España cometió graves errores. Felipe II ordenó, primero, que las tropas de Flandes se incorporasen al ataque contra Inglaterra que venía preparándose desde 1583 y que se produjo finalmente en 1588 (porque la Inglaterra de Isabel I, país protestante con sus propias ambiciones hegemónicas, amenazaba las comunicaciones marítimas entre España y Flandes y los envíos de plata de las Indias a España, todo ello de inmenso valor estratégico para el esfuerzo militar español). Ordenó luego, por tres veces, que el ejército, al mando del general Farnesio, duque de Parma, interviniese en Francia en las guerras de religión. Errores gravísimos por múltiples motivos. El intento de invasión de Inglaterra en 1588, con el envío de la Armada Invencible —130 barcos, 22.000 hombres, 2500 piezas de artillería— fue un fracaso; el repliegue de las tropas de Farnesio en Flandes permitió que, entre 1588 y 1598, la sublevación holandesa se consolidase y extendiese decisivamente. La derrota de la Armada, además, dañó sensiblemente el prestigio de España. Inglaterra respondió con una guerra de acciones piráticas contra los barcos españoles en el Atlántico, desplazó una pequeña fuerza expedicionaria en apoyo de la revuelta de Flandes, y en 1596 atacó con éxito Cádiz.

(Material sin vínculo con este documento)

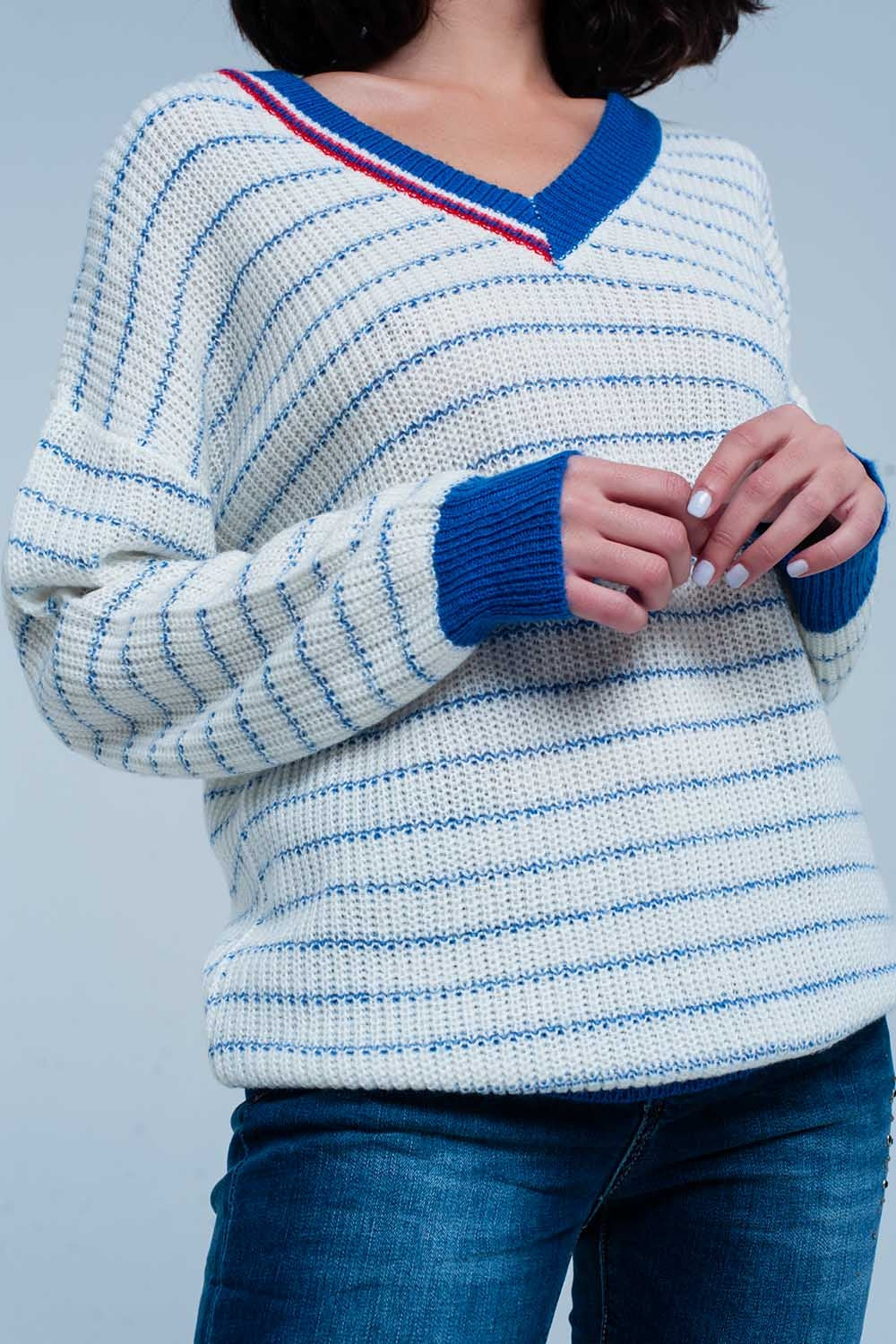 Maglione a righe blu con scollo a V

La derrota de la Armada puso fin al formidable despliegue imperial español iniciado en torno a 1580. Felipe II había logrado grandes triunfos: la plena dominación de las Indias y Filipinas, la supremacía en Italia, la anexión de Portugal, el control del Mediterráneo occidental y central. Murió en septiembre de 1598, con la hacienda en bancarrota (el precio del imperio) y en pleno naufragio de su política de guerra total en todos los frentes. En mayo, firmó la paz de Vervins con Francia, que con el apoyo de Inglaterra y de los Países Bajos calvinistas le había declarado la guerra tres años antes por el intervencionismo español en las guerras francesas de religión, y cedió la gobernación de los Países Bajos católicos a su hija Isabel Clara Eugenia y a su marido el archiduque Alberto. Los otros Países Bajos, las Provincias Unidas, las siete provincias calvinistas lideradas por Holanda, eran ya a todos los efectos un estado soberano, para unos desde 1579 (unión de Utrecht), para otros desde que en 1581 los estados generales de aquellas habían negado la soberanía española.